L’année juive connaît quatre commencements, un mot qu’on a bien du mal à dire au pluriel. Nos sages les nomment et leur attribuent des fonctions différentes, comme s’il fallait dissocier l’Histoire, l’année légale (le premier Nissan), du renouveau de la nature, appelé le nouvel an des arbres, de la dîme pour les animaux (en désuétude) et enfin de la Création présumée du monde. À défaut d’en déterminer la vraie date, comment le pourrait-on d’ailleurs, cette tête de l’année nous rappelle que l’Eternel est tout-puissant et Créateur. Ce jour-là nous rappelons à Dieu qu’Il est « Notre Père et Notre Roi », Avinou Malkenou, qu’Il est patient et qu’Il nous entend même si nous ne savons que murmurer nos prières. Car il ne nous est pas facile de prier, notre spiritualité de « modernes » ne s’y prête pas forcément. Il nous faut d’abord accepter que la liturgie est belle et que cette ferveur nous concerne. Les prières dites avec ou à la suite de l’officiant nous font voyager à l’intérieur de nous-mêmes, nous font retrouver ces paroles dites avant nous au même moment de l’année avec pour objectif le même examen de conscience. De la même manière, le son du Chofar incarne ce faisceau de prières d’hier, d’aujourd’hui et de demain. Ce son singulier rappelle la ligature d’Isaac, la création du monde mais aussi le rassemblement des exilés et l’eschatologie : le début et la fin en somme. Nous comprenons alors qu’il ne s’agit pas du salut personnel de chacun, mais du salut collectif porté par une prière qui s’adresse à l’Eternel lui demandant sa mansuétude pour nous tous. À quoi bon être sauvé tout seul ?

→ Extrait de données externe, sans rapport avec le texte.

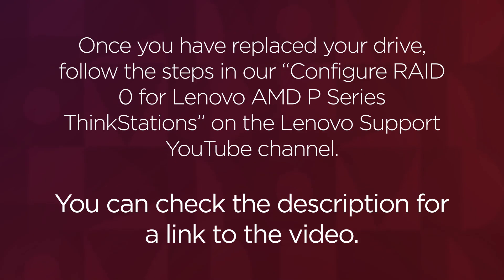Once you have replaced your drive, follow the steps in our Configure RAID 0 for Lenovo AMD P-Series ThinkStations on the Lenovo support YouTube channel. You can check the description for a link to the video.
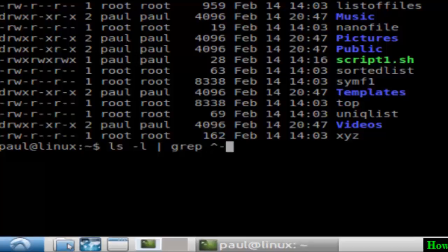These are actually the files. As you can observe here, directories start with D and files start with dash. That's why I selected dash over there.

Un mot encore de la tonalité de cette liturgie. De nombreux chants vont crescendo, sont repris plus d’une fois mais toujours avec le même recueillement. Certains fidèles chantent haut et fort, avec conviction, et de nombreuses communautés font appel à un Hazan, un chantre, pour dire mieux encore ces suppliques. Mais la voix que je préfère est celle de mon rabbin. Il s’agit d’une voix qui à aucun moment ne cherche à en imposer au public, à se faire entendre plus que les autres. Et pourtant c’est celle qui témoigne de la spiritualité la plus intériorisée. Elle est tellement intérieure que parfois je me demande d’où elle vient, mais je sens avant tout qu’elle a la capacité de monter plus que toute autre. C’est peut-être cela « la voix d’un fin silence » celle de la rencontre du prophète Elie avec l’Eternel. Elle ne cherche pas à faire effraction dans ma conscience mais à accompagner son nécessaire examen avant de recommencer l’année afin que la nouvelle livraison de celle-ci soit véritablement meilleure que celle qui vient de s’écouler.